Old World Style: Developer Jesse Kehoe says the renovation of the main floor of Salinas’ former Wells Fargo building into an Italian restaurant will preserve much of the original architecture. Nic Coury
Bank Shot
New Salinas club complex is bucking the odds in a high-end gamble.
Thursday, August 5, 2010
“Within the next three to five years, Salinas is going to be a booming place,” says Jesse Kehoe as he walks through the 28,600-square-foot expanse of a planned nightclub-restaurant in the old Wells Fargo Bank building at 201 S. Main St. in Oldtown Salinas.
Kehoe is vice president of West Coast operations at Berkley, Inc., a development company that’s had its name attached to past large-scale concepts in Oldtown. A few years ago, Berkley’s much-touted plans to build a hotel in the parking lot in front of the Steinbeck Center famously fell through.
But despite the company’s checkered history in Salinas and the troubled economy, the developers say this time is different.
Berkley President Gerry Kehoe said in an e-mail that this project will succeed because it’s “smaller in scale” than previous undertakings and the property was “acquired from 100-percent internal sources without any bank loans.”
Demolition began on the estimated $5 million project eight months ago to transform the three-floor building – constructed in 1915 – into two nightclubs, two restaurants and seven bars, with a 1,442-person total capacity.
Kehoe says the grand room entry will lead into a high-end Italian restaurant; at the back end of the building, his team envisions a tapas bar.
The parking lot to the right of the building, already in the middle of excavation, is slated to change into a patio bar and an outdoor coffee shop with two rain forest marble waterfalls, koi ponds, Roman columns and Tahoe red stone.
On the ground floor, former home to the bank vault, Kehoe pictures 60-inch plasma televisions lining the walls in a lounge area with couches.
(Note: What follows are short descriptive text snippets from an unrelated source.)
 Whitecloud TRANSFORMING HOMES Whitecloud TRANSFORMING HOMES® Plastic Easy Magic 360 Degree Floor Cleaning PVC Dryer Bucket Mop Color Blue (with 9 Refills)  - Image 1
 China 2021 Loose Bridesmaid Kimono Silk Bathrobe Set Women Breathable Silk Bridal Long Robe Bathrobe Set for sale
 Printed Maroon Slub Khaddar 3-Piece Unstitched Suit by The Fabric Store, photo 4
It’s another design concept, though, that has locals quivering: a vibrating dance floor. City-themed, private VIP spaces linger nearby; on the third floor, the function, layout and size will be similar to the ground floor, including a second vibrating dance floor.
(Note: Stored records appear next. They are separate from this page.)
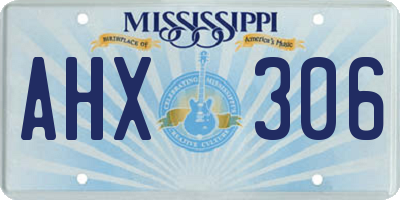 MS license plate AHX306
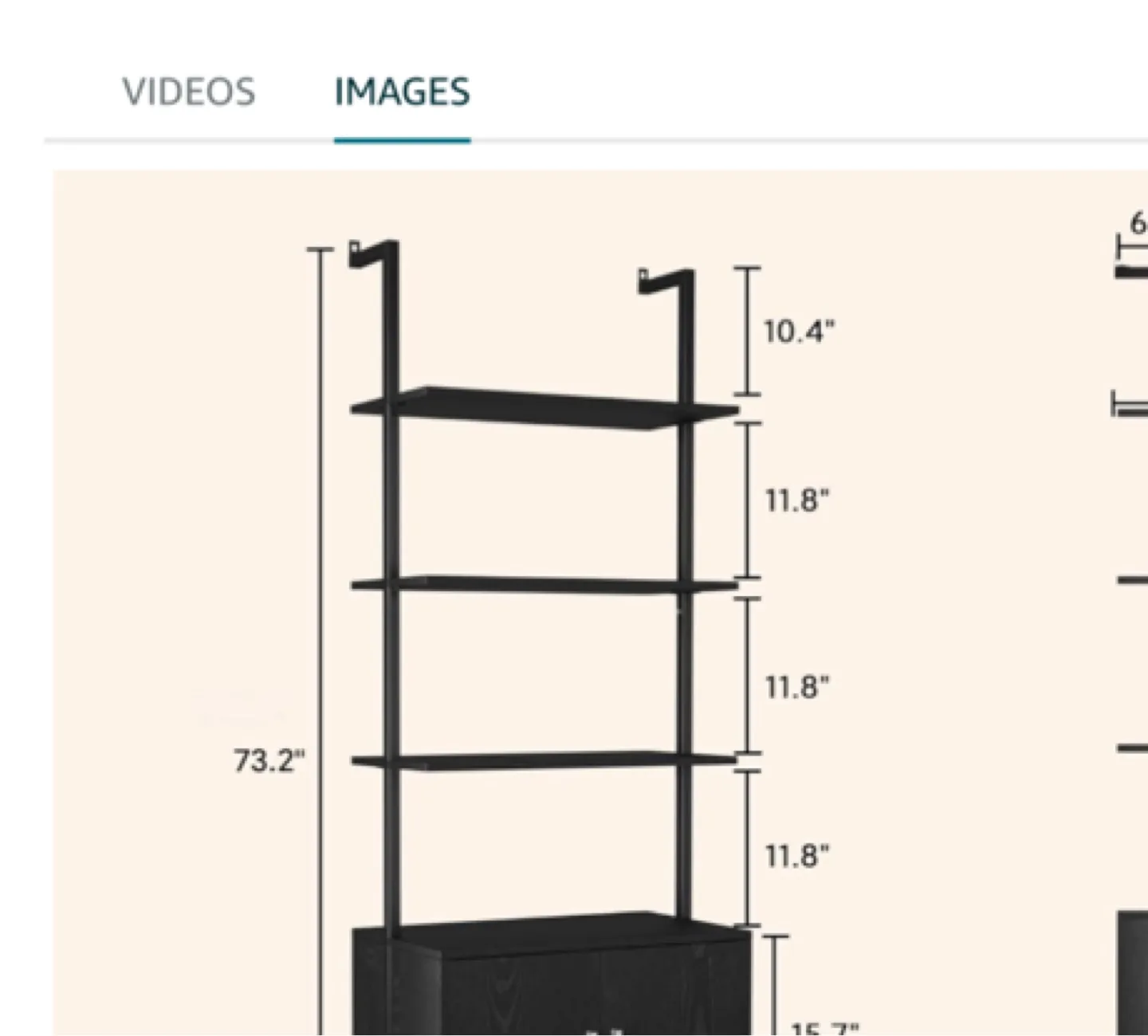 Gadroad 5 Tier Tall Bookshelf with Cabinet, 73" Modern Bookcase image indicator(2)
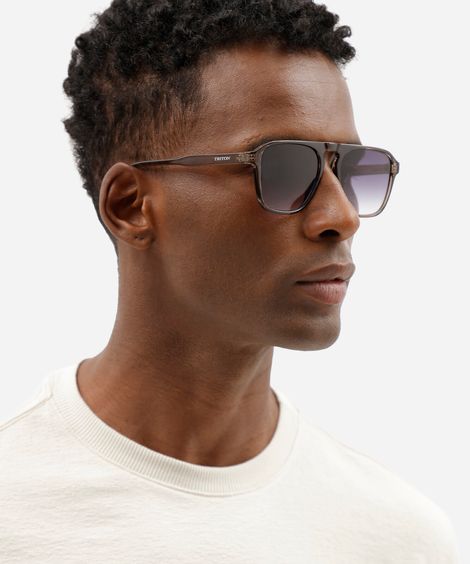 óculos de sol masculino quadrado de acetato triton cinza
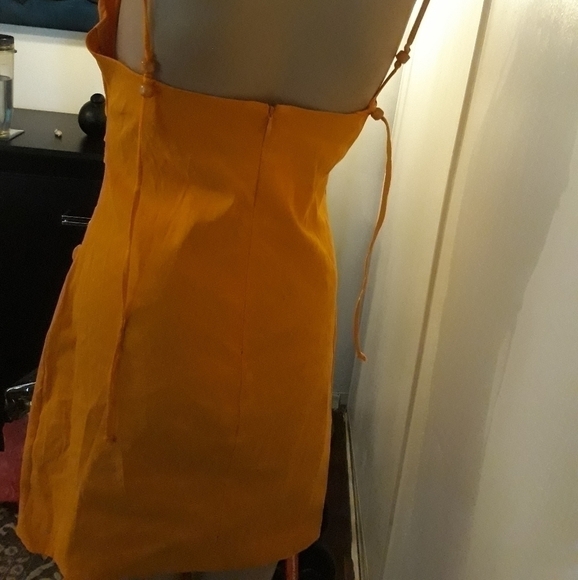 Zara sexy cocktail party linen blend orange dress size medium - Picture 4 of 4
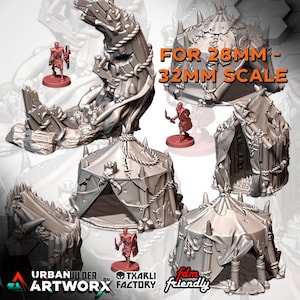 May include: A collection of 3D-printed miniature terrain pieces, including tents and a rock formation, designed for tabletop gaming. The pieces are gray and feature detailed textures, rope accents, and sharp spikes. The text "FOR 28MM - 32MM SCALE" is visible.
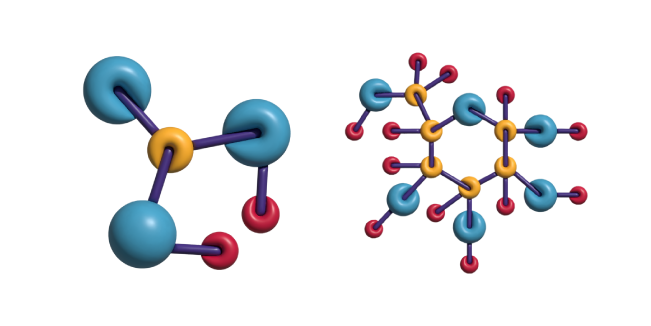 Simple 3D Blue and Red Molecules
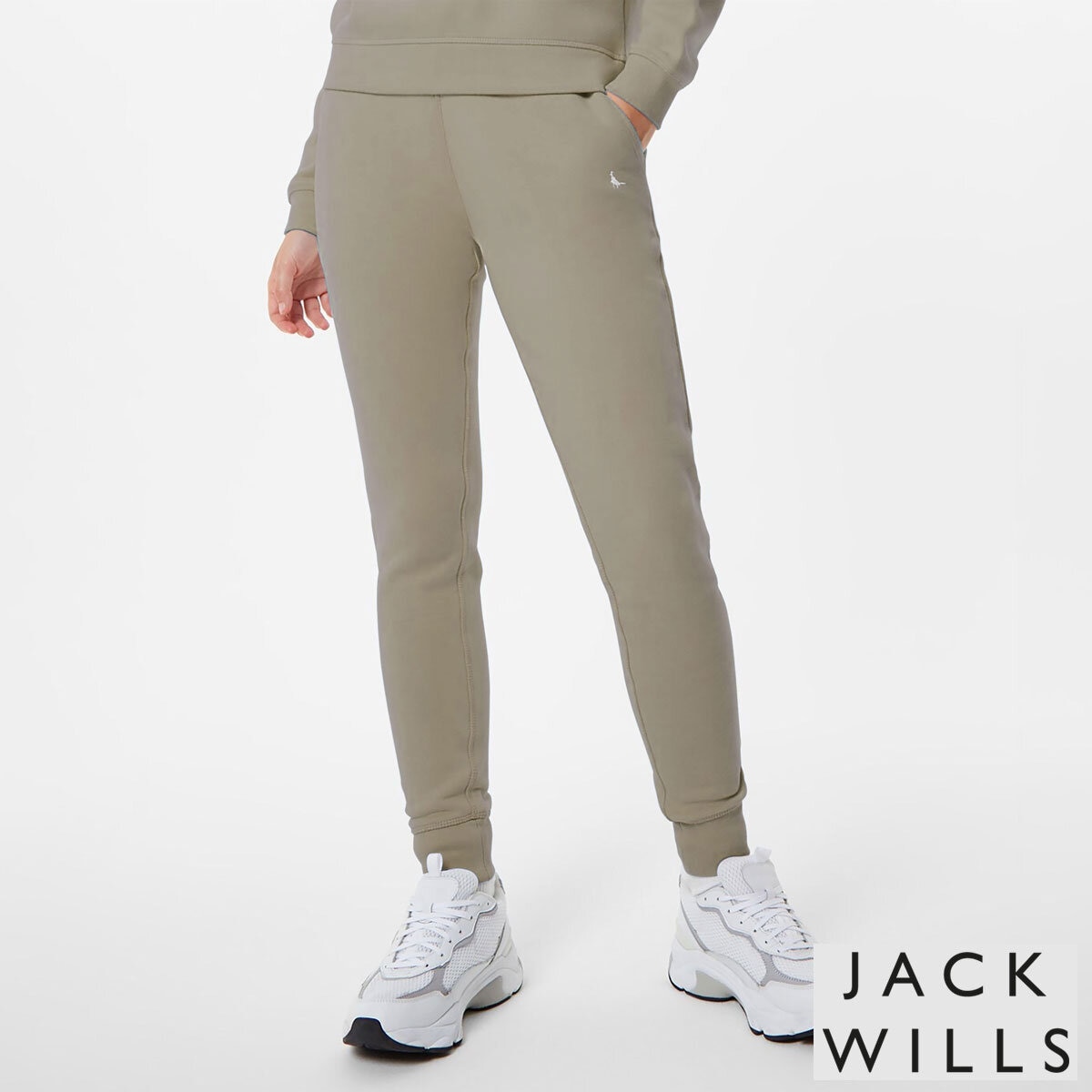 Jack Wills Ladies Astbury Sweatpant in Beige Large Cos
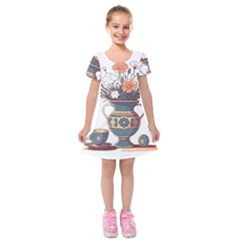 Flower Vase Nature Bloom Blossom Kids  Short Sleeve Velvet Dress by Salmanaz77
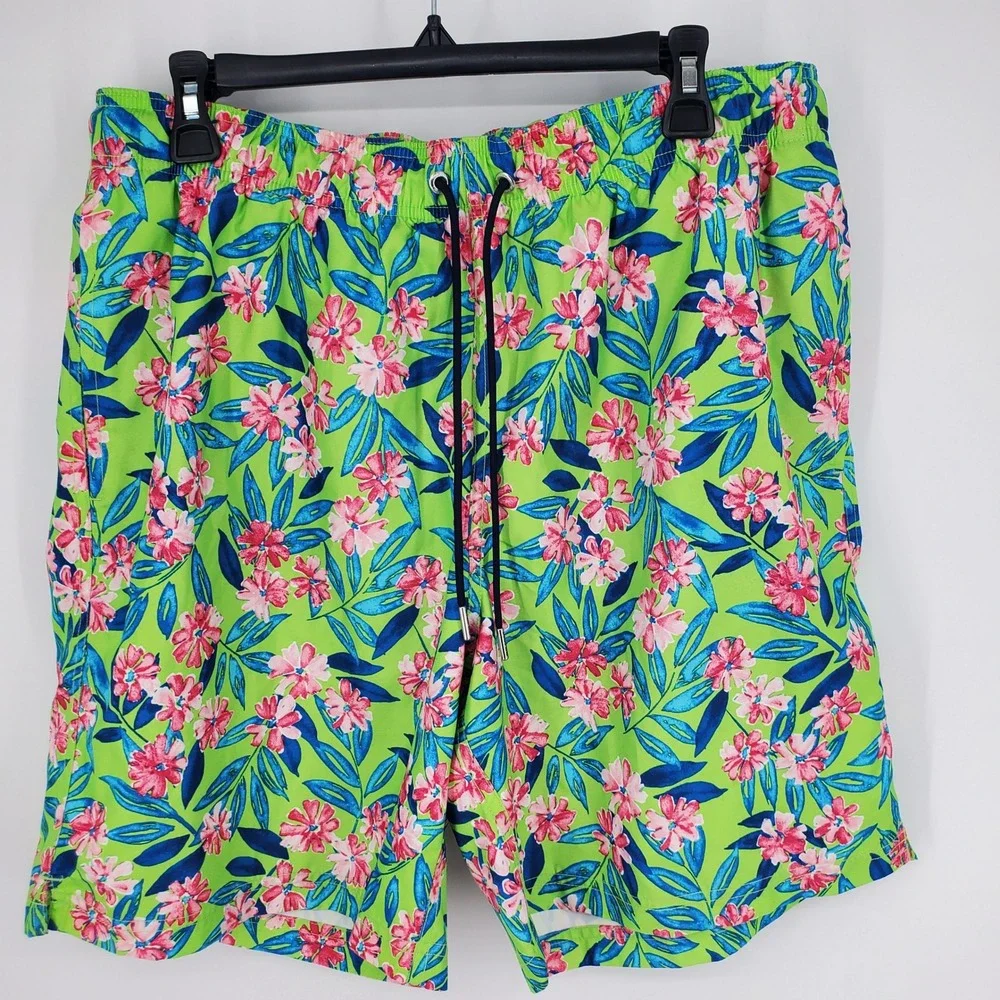 Lands' End Men's Swim Trunks Floral Print Green Pink Blue Size L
Jesse Kehoe says he plans to keep the new establishment open 24 hours on weekends. To address security issues, patrons will be required to swipe IDs and give fingerprints to be stored in a database, Kehoe says, adding that there will be a 50 to 80 member security detail.
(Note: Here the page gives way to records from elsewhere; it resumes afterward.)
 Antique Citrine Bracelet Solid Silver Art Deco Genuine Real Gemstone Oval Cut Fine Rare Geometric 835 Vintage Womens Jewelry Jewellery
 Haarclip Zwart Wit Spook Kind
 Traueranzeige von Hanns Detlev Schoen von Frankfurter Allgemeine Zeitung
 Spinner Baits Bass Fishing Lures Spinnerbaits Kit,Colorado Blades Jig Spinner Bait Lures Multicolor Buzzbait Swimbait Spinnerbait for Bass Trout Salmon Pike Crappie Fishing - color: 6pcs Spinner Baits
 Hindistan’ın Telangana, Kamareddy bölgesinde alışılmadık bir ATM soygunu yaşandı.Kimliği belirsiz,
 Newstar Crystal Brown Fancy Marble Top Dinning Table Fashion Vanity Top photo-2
“THIS PROJECT WILL CREATE JOBS AND LIVEN UP THE NIGHTLIFE.”
Though the building was earthquake retrofitted in 1995, there were still some kinks pointed out by Dennis Richardson, deputy director of permit services.
“I think we have it sorted out; our engineers have worked with [city] engineers to make it completely code compliant and make it as earthquake proof as possible,” Kehoe says.
“The city worked very close with [Kehoe] and most issues are worked out,” says Mayor Dennis Donohue, who’s met several times with Kehoe. “This project will create jobs and liven up the nightlife; there’s a market for it with regional appeal.”
Kehoe aims for a March 2011 opening, but says it probably won’t realistically open until next May.
A couple of blocks away, Berkley has plans for another ambitious development at the former Dick Bruhn Men’s Store: a swanky restaurant and night club featuring large-scale props, including a Porsche once owned by James Dean and John Steinbeck’s 70-foot boat floating in an indoor moat The third floor will house a 25-room boutique hotel.
Kehoe says construction on the former Dick Bruhn building will most likely begin a couple of months before the Wells Fargo project is complete.